A Different, Kinder, Better World? My response to Alex Massie
I have only just seen a blog by Alex Massie on the ‘Spectator’ site, in which I am personally criticised. You may find it here
I’d hate Mr Massie or anyone else to think that I had no response to it. So here it is. Mr Massie describes my case – that there is no ‘war on drugs in this country’ - as ‘ridiculous’. He seems to think that this is self-evident, as he introduces the following quotation from an article I wrote for the Spectator a year ago (you can read it here http://www.spectator.co.uk/features/8666301/high-society-3/)
with the word ‘seriously’, as if inviting his readers to laugh at the obvious incontestable absurdity of my case. I shall come to that.
This is the extract from my article: ‘How is it that, in a country where drugs are supposedly illegal — where ‘evil dealers’ are endlessly denounced — that drugs are so common and that little or nothing happens to those who are caught in possession of them? How did the ‘cannabis warning’, a gesture without force or penalty, unsanctioned by Parliament, become the preferred response of the police to the crime of possession? How can Pete Doherty drop illegal drugs on the floor of a courthouse, be caught by a security guard and yet walk free from the building, if we are — as we are so often told — running a regime of stern prohibition?
‘The answer is that the official version of events is simply false. Since a momentous Cabinet meeting in February 1970, there has been no ‘war on drugs’ in this country, only the official pretence of one. I beg my fellow commentators, columnists and pundits: please do not take seriously any claims that our drug problems stem from zealous enforcement of cruel laws, or you might find me camping outside your front door in a woolly hat, denouncing you and proclaiming your sins on a bedsheet.’
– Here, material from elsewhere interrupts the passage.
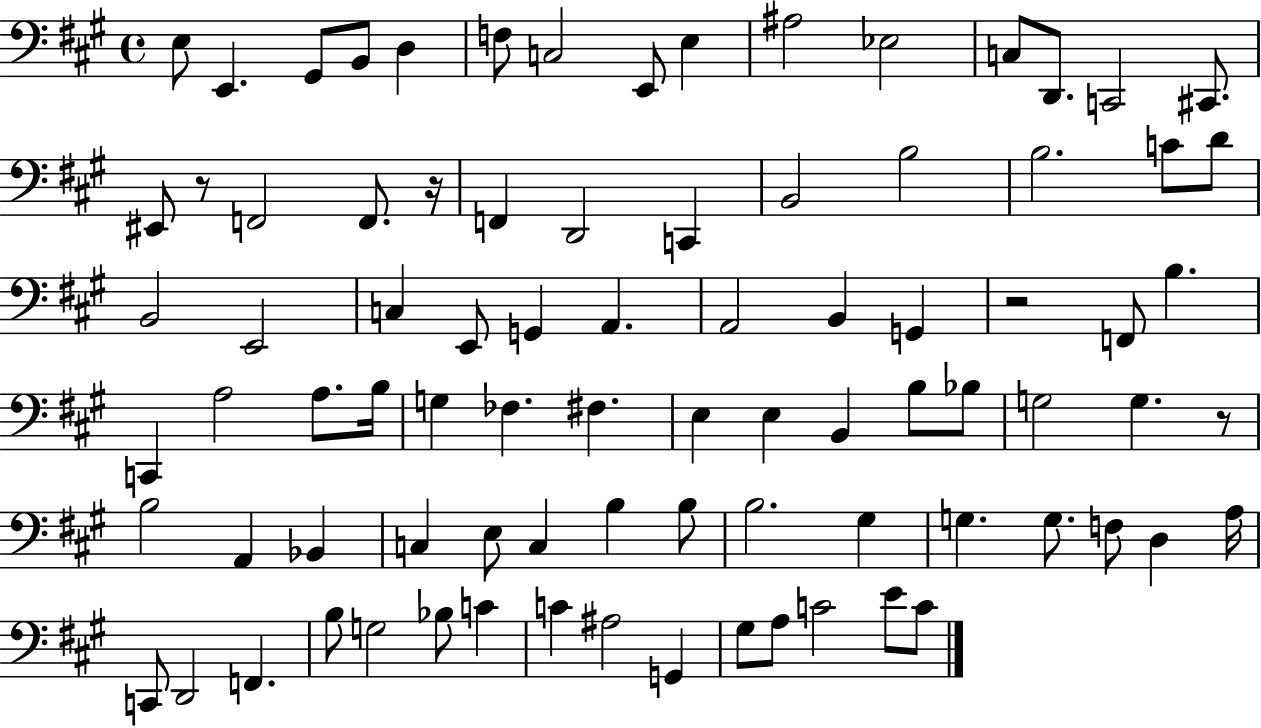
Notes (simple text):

The last line, I should explain, is a reference to an event described at the start of the article, where I recount the details of a rather funny one-man protest against me, involving a person in a woolly hat with a slogan-decked sheet, on a wet Sunday morning in Southampton.
The rest is self-explanatory and is well-known to regular readers here – the 1969 Wootton Report, with its calls for the law to differentiate between possession and sale (as it had not previously done) and the special classification of supposedly ‘soft’ cannabis, so as to give it an undeserved separate legal status from the other bogeyman drugs, enacted in 1971 with cross-party support; the 1973 instruction to magistrates to cease sending anyone to prison for possession of cannabis; the slow but relentless decriminalisation of cannabis in practice, to the point where a former head of the Scotland Yard Flying Squad could refer to it as a ‘decriminalised drug’ in the early 1990s; the further weakening of the laws following the Paddick Experiment in Brixton and the Runciman Report.
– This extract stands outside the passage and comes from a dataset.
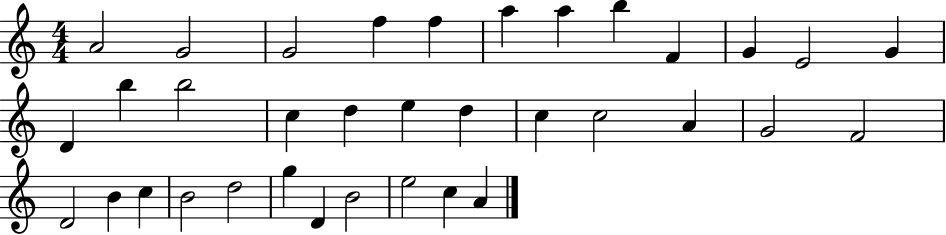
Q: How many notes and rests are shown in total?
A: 35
Nobody who knows about the issue really disputes this narrative. One of my principal sources was Steve Abrams, who masterminded the 1967 ‘Times Advertisement calling for decriminalisation, and later the SOMA campaign which led to the Wootton Report and what followed. Shortly before he died, Mr Abrams (a civilised man and an honourable opponent) read my book in proof and kindly let me know that he agreed with its facts and conclusions. He approved of the measures, while I didn’t, but he recognised the facts as correct. Likewise, Paul Addison ( a distinguished historian of the Left) points out in his TLS review of my book and of ‘Cannabis Nation’ by James H. Mills (OUP) that our accounts of events are more or less the same. Mills is far more sympathetic to cannabis than I am, I think I can say.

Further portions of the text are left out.